She gave him a halfhearted wink, and added dryly, "It is not oft we are graced with Druid royalty."

The elder Druid chuckled, but his dark eyes ignited with a new fire. "Ah, Child, you must not mistake me. I've not come to be anyone's champion. I am but a humble servant."

"So you serve the Fae?"

"Nay, Queen of Men. I serve justice."

Gwendolyn eyed him suspiciously. "For whom?"
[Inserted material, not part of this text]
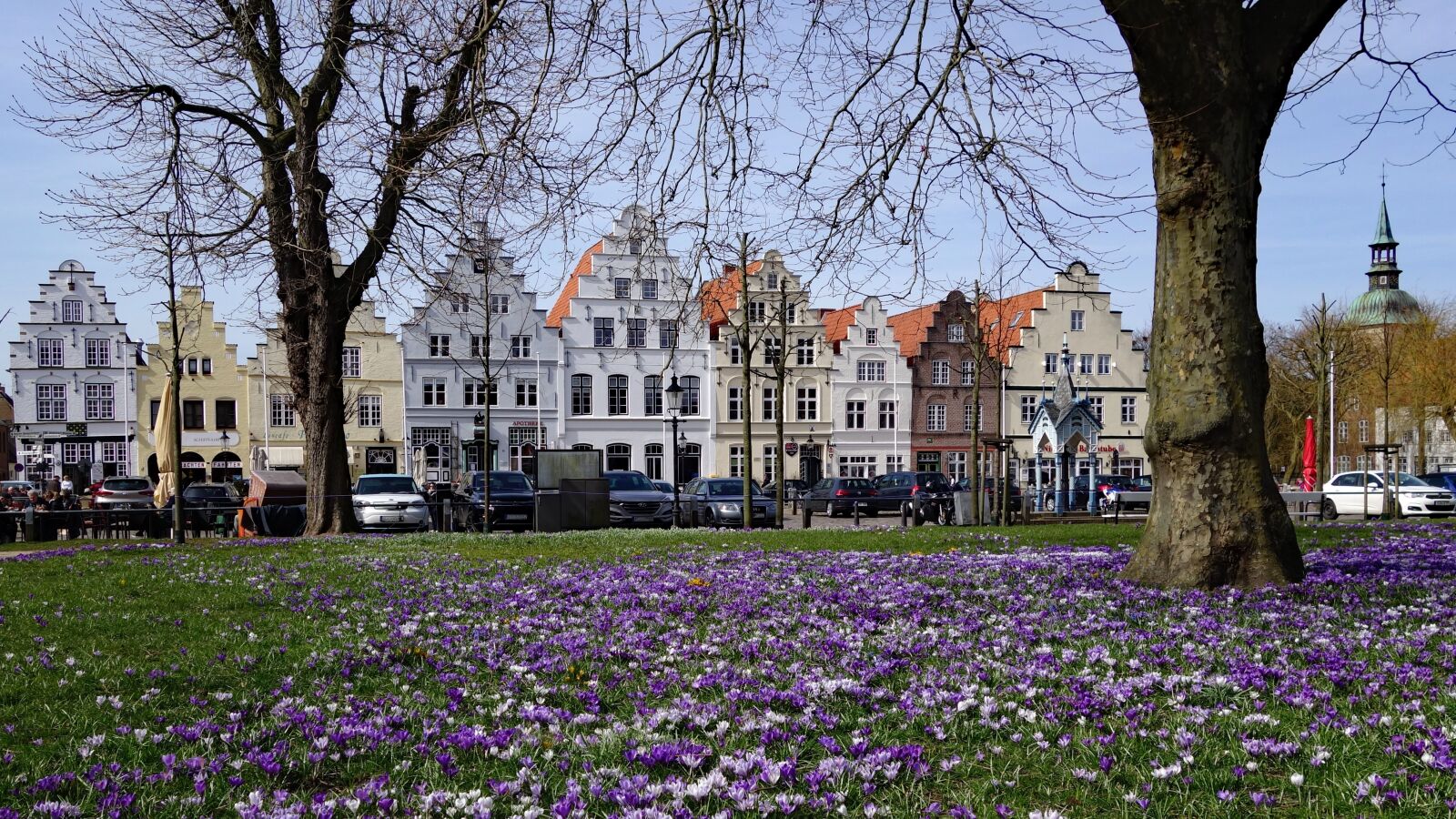 Sony Cyber-shot DSC-RX100 II sample photo. Friedrichstadt, crocus, crocus flower photography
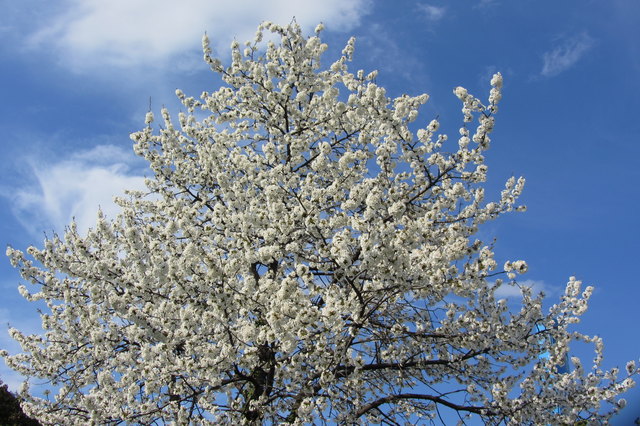 "Blühende" Ostern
The glitter in his eyes now sharpened. "If you must ask, mayhap I sit in judgment of you?" He wasn't jesting, Gwendolyn realized, and a shiver of foreboding swept down her spine. Her inability to ask the right questions only roused her temper, for neither had anyone called her "child" since Demelza, and she took issue with that as well—she was no child, and certainly not his!

Her tone hardened. "That is quite the responsibility," she allowed. "And yet, if you've come to serve your justice upon me, old man , you'd best declare yourself rightly, and know I bow to no man, including you!"

Unsaid, she'd left too much, including all the questions about her past life, though Amergin must know it all, and despite this, Gwendolyn could not speak again even for the possibility of loosening an old man's tongue. Only this time, it wasn't any hex that bound her words. It was pride. She had not come so far to be judged by this man or any. Nor had she tainted her hands with blood only to throw down her hard-won sword and bow to the Fates.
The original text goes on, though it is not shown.